- Work task:
Set down all of the data exactly. Pictures stay out of the copy.

- Data:

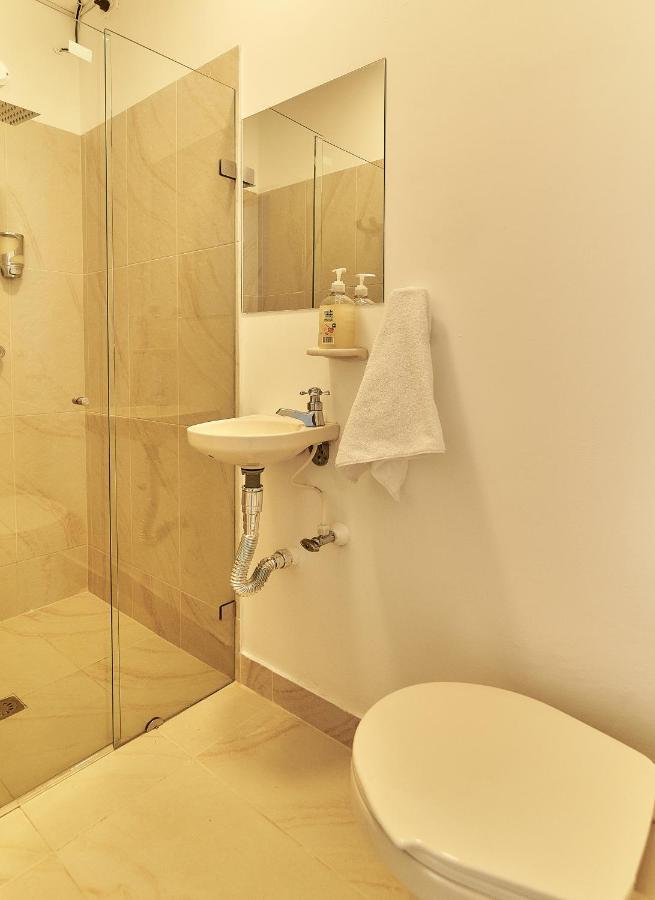 5starhomes - Hermosa Casa Con Terraza En Laureles * Medellín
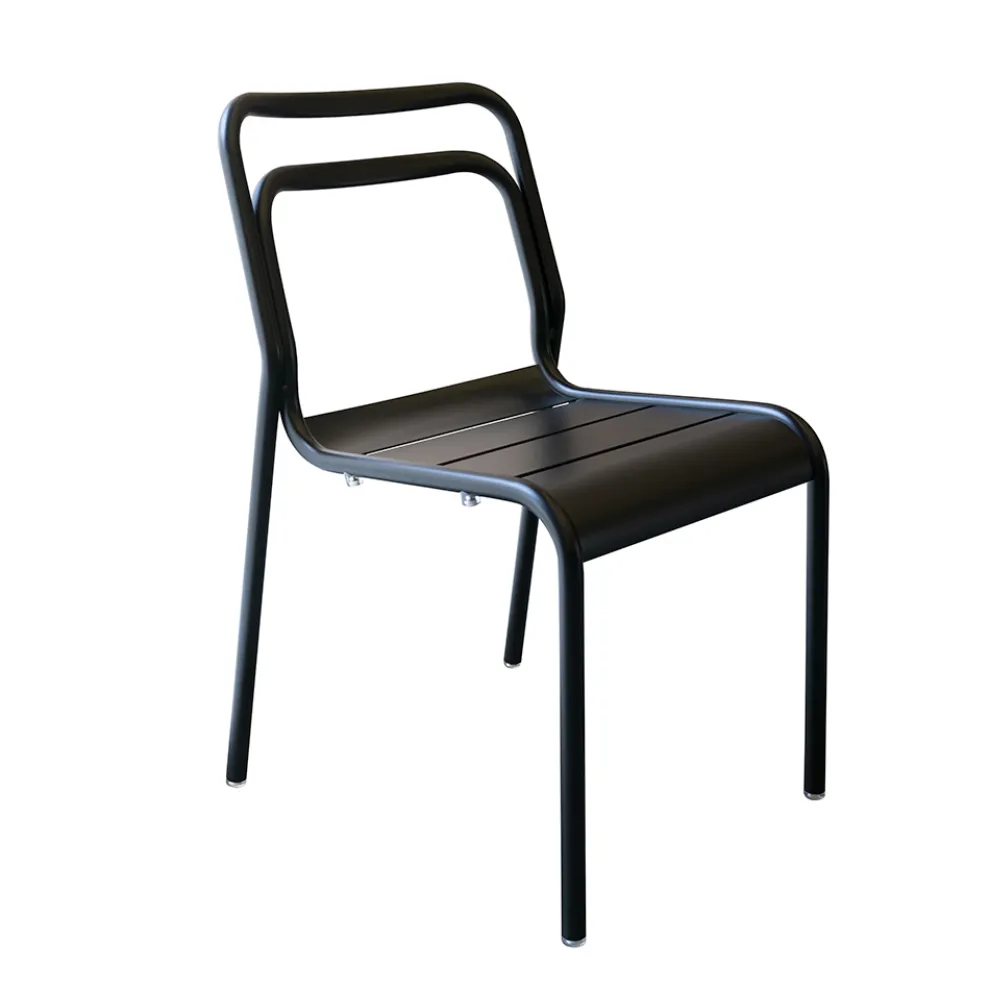 2 Innen- und Außenstühle aus 100 % recyceltem Aluminium in verschiedenen Farben – Getränk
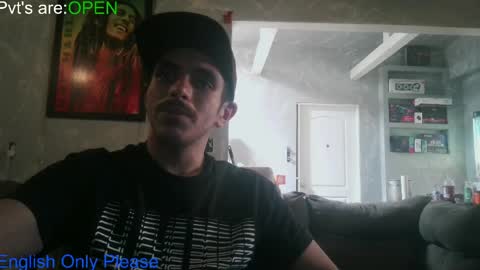 Snapshot of atmorin01 chatting on April 5, 5:43 pm Atmarin199 aka Dre online show from April 5, 5:43 pm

- Exercise response:
 5starhomes - Hermosa Casa Con Terraza En Laureles * Medellín
 2 Innen- und Außenstühle aus 100 % recyceltem Aluminium in verschiedenen Farben – Getränk
 Snapshot of atmorin01 chatting on April 5, 5:43 pm Atmarin199 aka Dre online show from April 5, 5:43 pm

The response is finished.